ClassTransformation(estimator=<catboost.core.CatBoostClassifier object at 0x12212bba8>)

Save model¶

In [11]:

import dill

with open("model.dill", 'wb') as f:
    dill.dump(ct_model, f)

Uplift prediction¶

In [12]:

uplift_ct = ct_model.predict(X_val)

🚀🚀🚀 Uplift metrics¶

🚀 `uplift@k`¶

uplift at first k%
usually falls between [0; 1] depending on k, model quality and data

`uplift@k` = `target mean at k% in the treatment group` - `target mean at k% in the control group`¶

How to count uplift@k:

sort by predicted uplift
select first k%
count target mean in the treatment group
count target mean in the control group
substract the mean in the control group from the mean in the treatment group

Code parameter options:

strategy='overall' - sort by uplift treatment and control together
strategy='by_group' - sort by uplift treatment and control separately

In [14]:

from sklift.metrics import uplift_at_k

# k = 10%
k = 0.1  

# strategy='overall' sort by uplift treatment and control together
uplift_overall = uplift_at_k(y_val, uplift_ct, trmnt_val, strategy='overall', k=k)

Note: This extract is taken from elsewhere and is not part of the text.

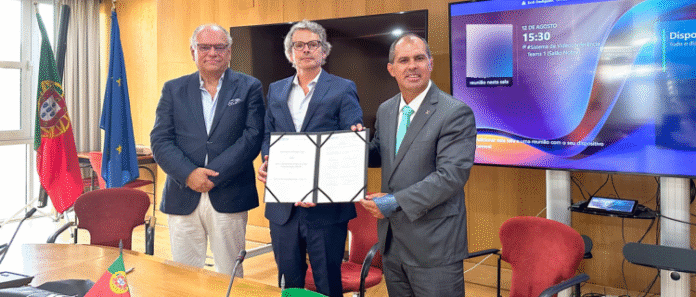 Márcio André Brito (Inmetro), João Miguel Pimentel (IPQ) e João Rolo (Economia de Portugal) durante reunião em Lisboa. Foto divulgação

# strategy='by_group' sort by uplift treatment and control separately
uplift_bygroup = uplift_at_k(y_val, uplift_ct, trmnt_val, strategy='by_group', k=k)


print(f"uplift@{k * 100:.0f}%: {uplift_overall:.4f} (sort groups by uplift together)")
print(f"uplift@{k * 100:.0f}%: {uplift_bygroup:.4f} (sort groups by uplift separately)")

uplift@10%: 0.1467 (sort groups by uplift together)
uplift@10%: 0.1503 (sort groups by uplift separately)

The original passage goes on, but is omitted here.